雨具を着用しているので、ペースを落として汗をかかないようにゆっくり歩くのですが、それでもさすがに徐々に蒸れてきます。すがもり越に着いた9時過ぎ、ガスが流れ西峰登路は霞んでいます。天気の回復は期待が薄いため、しばらく様子を見て山を下ることにして、すがもり避難小屋で大休止。

峰を下ってきた登山客によれば、山頂付近は強烈な風が吹いているとのことです。今週初めに山行をしていることもあって、気持ちにも余裕がありますので、あえてガスの中を山頂に向かう必要もありません。徐々に登山客が増え始めた10時過ぎに、すがもり避難小屋を発ち大曲へ下りました。

【8月31日】西千里が浜のワレモコウ

8月31日の九重連山は雨。午前8時頃の牧ノ戸峠の気温は18℃。5時前の飯田高原では雨は小降りではあったものの、雷鳴がとどろき閃光が走る荒れた天気になりました。

雷鳴が聞こえなくなり、雨が小降りになった8時前に借家を発ちお手軽な山行へ向かうことにしました。荒れ模様の天気で登山客も激減しているはずの牧ノ戸峠から久住山周辺まで歩いてみることにして、長者原へ向かいます。

牧ノ戸峠駐車場は閑散とし、駐車している車は1台もありません。雨具を着用しゆっくり歩いて発汗を抑えます。沓掛山を下り鍋谷から吹き上げてくる風は強烈で雨具のフードが何度も風にめくれ、それでも濡れるのはいやで再びフードをかぶって歩きます。

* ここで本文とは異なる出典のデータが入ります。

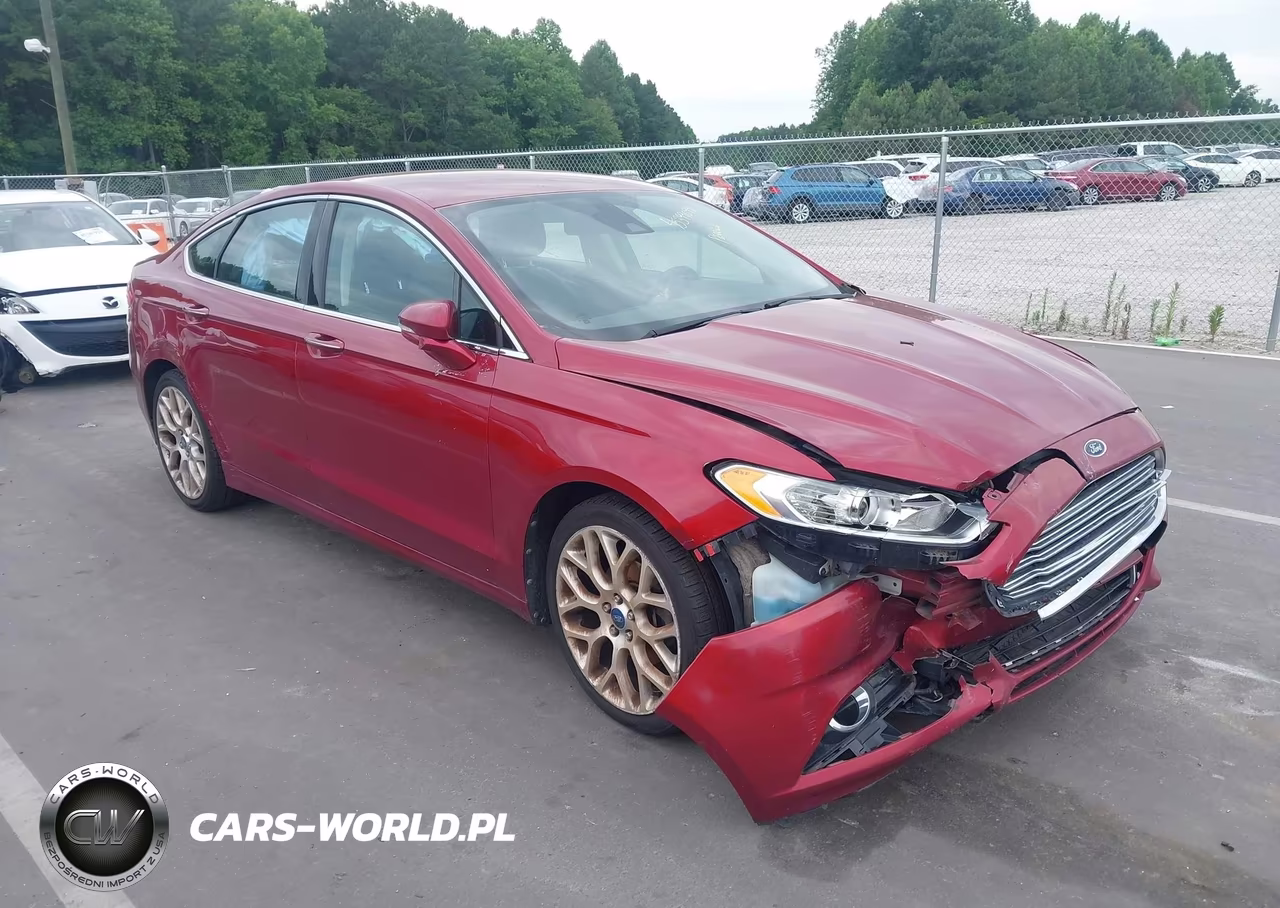 2013 Ford Fusion Titanium – zdjęcie 1 z 11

久住分れにある久住山避難小屋も濃いガスに霞みます。今回の山行はここで断念し、小休止の後山を下ります。ひとしきり強い雨が降り、その後小降りになった隙を突いて10時過ぎに小屋を出て星生崎を下を通過。扇ヶ鼻分岐を過ぎたところで強烈な雨が降り始め、雷鳴が轟き始めました。大急ぎで沓掛山を下り牧ノ戸峠に帰着しました。